| Task brief |
Begin at the line that has "NEWLY RENOVATED FAMILY", stop after the line that has "göndərdi – Foto", and print exactly those lines from the records below, without any pictures.

| Listed entries |
=====

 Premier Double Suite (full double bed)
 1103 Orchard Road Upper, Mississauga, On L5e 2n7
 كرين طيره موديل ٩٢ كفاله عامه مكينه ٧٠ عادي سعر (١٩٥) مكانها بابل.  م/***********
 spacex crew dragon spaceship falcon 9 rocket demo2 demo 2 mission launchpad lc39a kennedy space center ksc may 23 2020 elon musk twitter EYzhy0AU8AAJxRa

=====

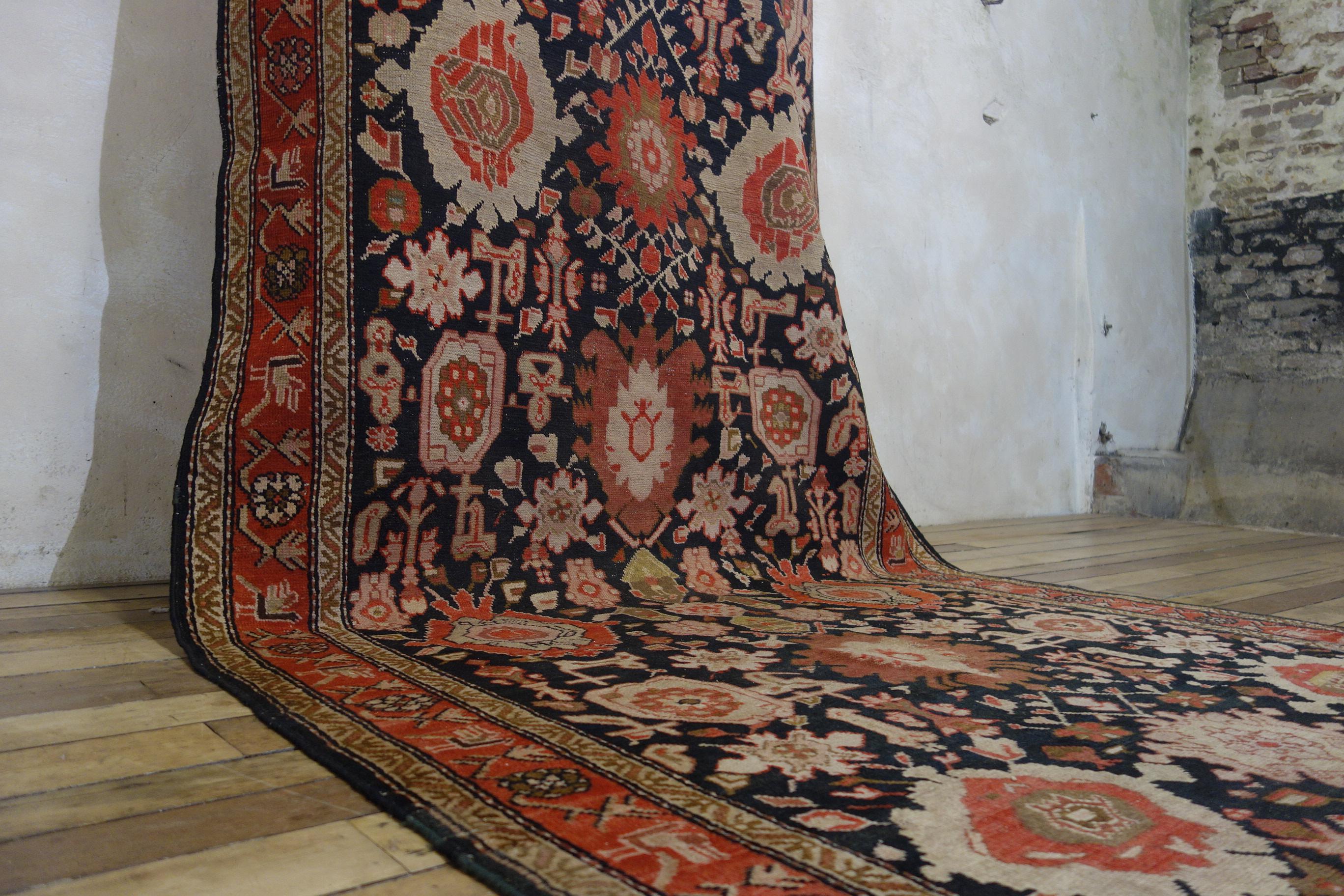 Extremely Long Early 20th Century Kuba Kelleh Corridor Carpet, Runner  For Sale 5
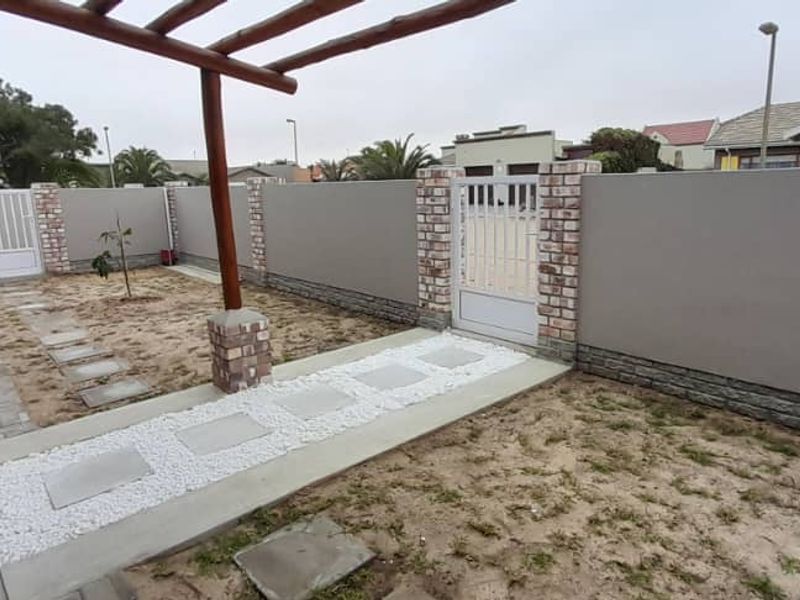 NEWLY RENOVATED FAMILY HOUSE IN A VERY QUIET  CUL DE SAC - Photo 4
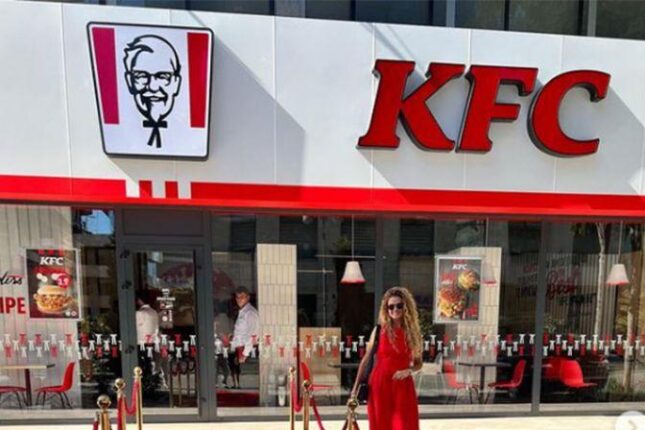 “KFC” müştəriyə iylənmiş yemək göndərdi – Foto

=====

| Solution to this problem |
 NEWLY RENOVATED FAMILY HOUSE IN A VERY QUIET  CUL DE SAC - Photo 4
 “KFC” müştəriyə iylənmiş yemək göndərdi – Foto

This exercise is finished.